The problem :: Only one span of the material below is wanted. Output it exactly, from the line with "the cover of" through the line with "Jonjoloko (ososi Oma)", without any pictures.

Records for the task ::
*** Begin section ***

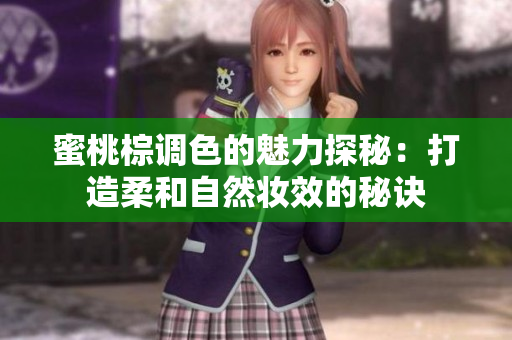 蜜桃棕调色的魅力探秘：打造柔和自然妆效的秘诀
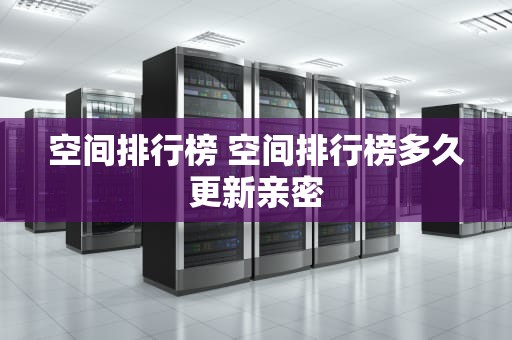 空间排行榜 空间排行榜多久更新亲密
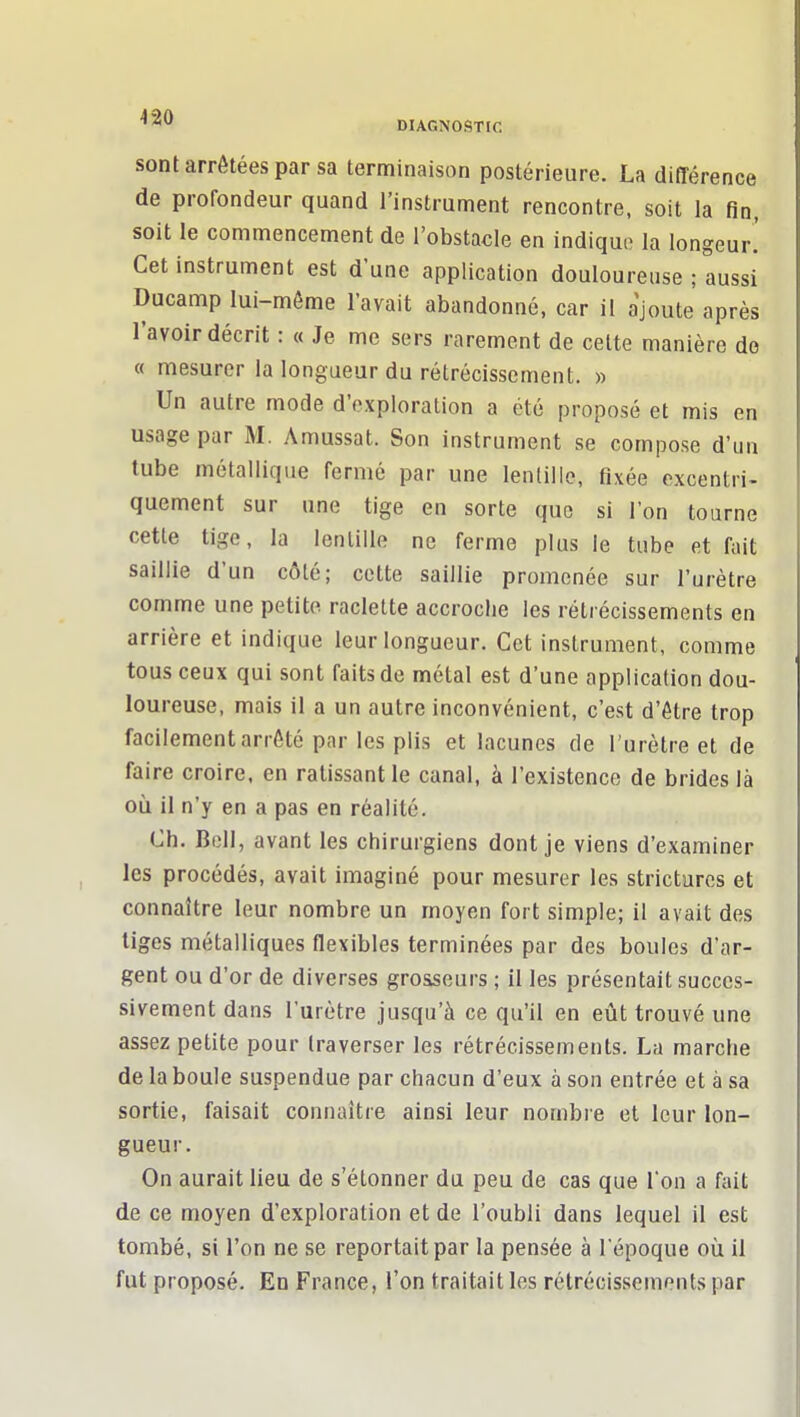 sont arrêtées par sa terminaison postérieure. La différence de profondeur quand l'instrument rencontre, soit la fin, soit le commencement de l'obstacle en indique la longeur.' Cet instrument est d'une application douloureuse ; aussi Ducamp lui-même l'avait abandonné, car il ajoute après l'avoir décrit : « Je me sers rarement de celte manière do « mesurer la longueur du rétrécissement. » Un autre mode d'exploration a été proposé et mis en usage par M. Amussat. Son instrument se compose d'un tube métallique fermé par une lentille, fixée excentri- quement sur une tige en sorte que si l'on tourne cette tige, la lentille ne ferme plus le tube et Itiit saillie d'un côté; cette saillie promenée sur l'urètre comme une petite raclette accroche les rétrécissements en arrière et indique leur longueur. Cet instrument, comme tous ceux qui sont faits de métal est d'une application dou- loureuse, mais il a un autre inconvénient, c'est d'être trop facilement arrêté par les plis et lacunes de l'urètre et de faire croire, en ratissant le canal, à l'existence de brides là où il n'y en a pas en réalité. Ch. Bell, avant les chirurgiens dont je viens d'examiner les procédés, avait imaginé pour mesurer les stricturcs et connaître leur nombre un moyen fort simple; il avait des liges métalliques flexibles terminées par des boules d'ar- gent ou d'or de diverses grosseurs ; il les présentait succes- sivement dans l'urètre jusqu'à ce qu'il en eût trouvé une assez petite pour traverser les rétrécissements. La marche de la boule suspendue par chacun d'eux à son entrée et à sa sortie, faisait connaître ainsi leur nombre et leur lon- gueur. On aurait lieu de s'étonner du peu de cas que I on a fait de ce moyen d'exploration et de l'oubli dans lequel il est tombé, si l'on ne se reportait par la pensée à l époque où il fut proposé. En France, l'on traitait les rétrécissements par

*** End section ***
*** Begin section ***

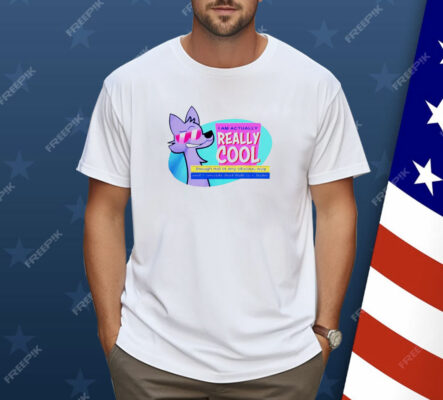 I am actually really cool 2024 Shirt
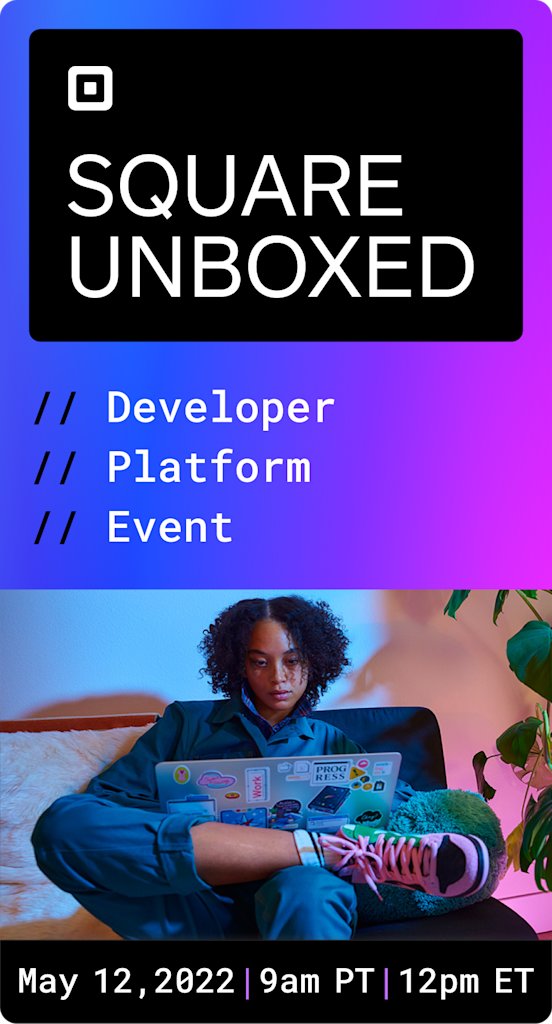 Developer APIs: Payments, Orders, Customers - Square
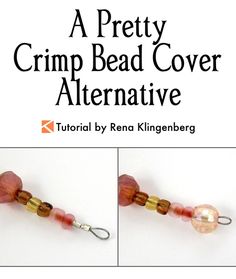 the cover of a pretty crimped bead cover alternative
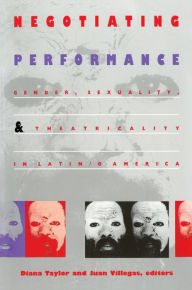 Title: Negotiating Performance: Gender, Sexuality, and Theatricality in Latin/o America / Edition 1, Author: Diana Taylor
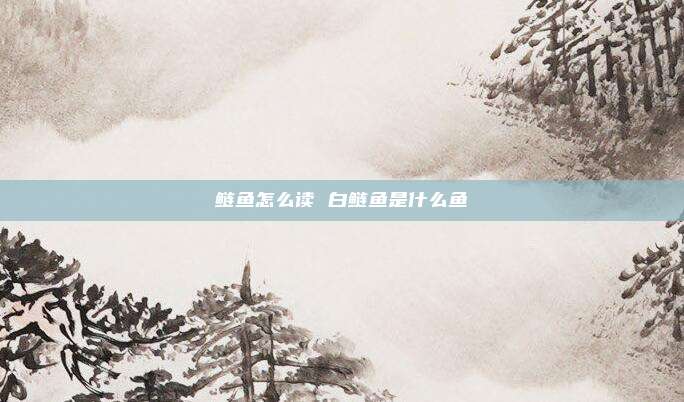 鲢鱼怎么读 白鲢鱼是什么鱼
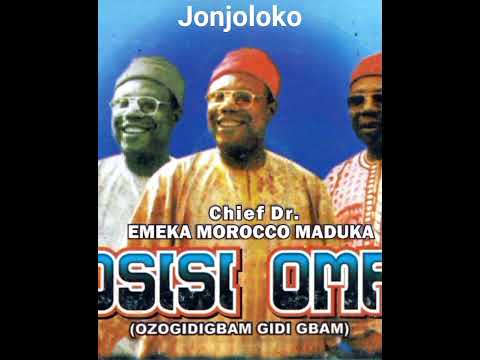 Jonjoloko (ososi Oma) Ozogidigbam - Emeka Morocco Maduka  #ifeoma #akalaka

*** End section ***

Exercise solution ::
 the cover of a pretty crimped bead cover alternative
 Title: Negotiating Performance: Gender, Sexuality, and Theatricality in Latin/o America / Edition 1, Author: Diana Taylor
 鲢鱼怎么读 白鲢鱼是什么鱼
 Jonjoloko (ososi Oma) Ozogidigbam - Emeka Morocco Maduka  #ifeoma #akalaka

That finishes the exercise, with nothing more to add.